In this study participants in an 8-week mindfulness-based stress reduction (MBSR) programme were asked to complete questionnaires that assess state mindfulness (the Toronto Mindfulness Scale) and trait mindfulness (the Five Facet Mindfulness Questionnaire). Whereas the trait mindfulness questionnaire was completed before and after participation in the programme, the state mindfulness questionnaire was completed once per week, after participants engaged in a 10-minute mindfulness practice on their own (at home). In the latter questionnaire participants were asked to rate their mindfulness during that 10-minute practice.
The researchers observed large variations in the levels of self-reported state mindfulness during meditation.
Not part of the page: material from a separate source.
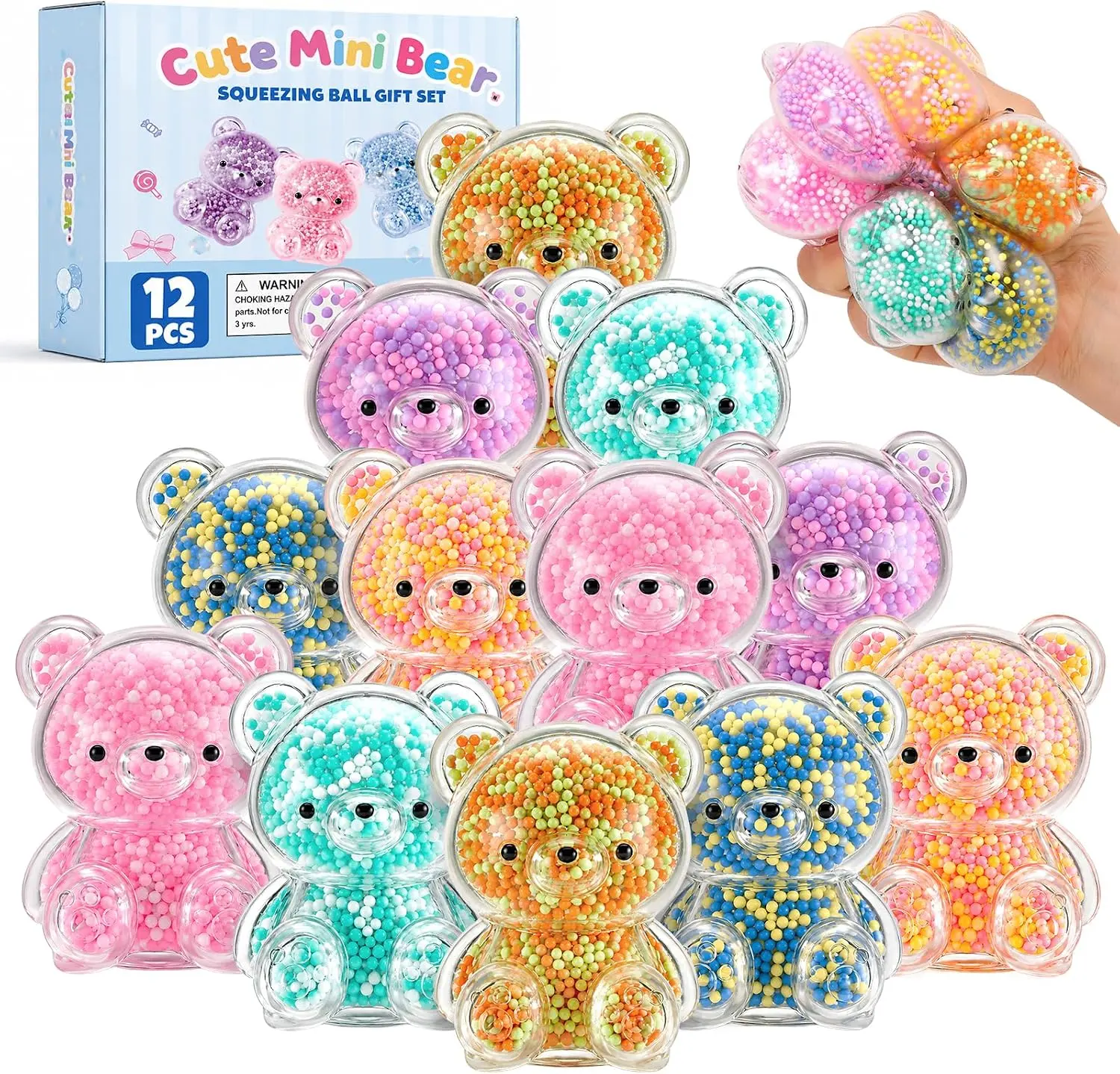 12-Pack Bear Squishy Stress Squeeze Balls, Calming Fidget Toys for Kids & Adults, Ideal for Party Favors, Birthday Gifts, Classroom Prizes Mellow Squishy Fidget Squishies Hand Squeeze Ball Decompression Squishy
Employing combined latent growth and path model statistics (don’t worry if you don’t know what this is) they furthermore concluded that individual trajectories of state mindfulness predicted the changes in trait mindfulness resulting from the MBSR programme: participants with higher increase in state mindfulness during their meditation practice were found to also show the largest increase in trait mindfulness from before to after the MBSR programme.
This study appears to confirm the assumption that practicing state mindfulness leads to higher trait mindfulness. It also indicates that not every individual appears to benefit in the same way from MBSR – when there was little change in state mindfulness also trait mindfulness did not improve much.
Some caution is, however, required when considering the results. Most importantly, the conclusions are based on self-report questionnaire data. They are thus limited due to the inherent limitations of this approach and the particular problems of using questionnaires when investigating mindfulness. While it is generally difficult to quantify internal mental states – as is the aim of using such questionnaires – this is even more so the case when considering mindfulness:
It is obvious that a certain degree of awareness of one’s own mental states is required to answer questions about one’s own mental states. However, as mindfulness is inherently intertwined with awareness of one’s own mental states, when probing mindfulness, we are asking participants to apply this ‘inner’ awareness to their own awareness of internal states – being mindful of their own mindfulness, a circular, self-referential process. One of the problems here is that as we develop our mindfulness we may start noticing how mindless we are. While becoming more mindful of this, our questionnaire responses may indicate a reduction in mindfulness! In more general terms engaging in mindfulness practice may lead to a qualitative shift, with the effect that the same questions of a questionnaire may be answered in a different way. With other words a mindfulness questionnaire may measure something else each time it is applied in such a mindfulness intervention study.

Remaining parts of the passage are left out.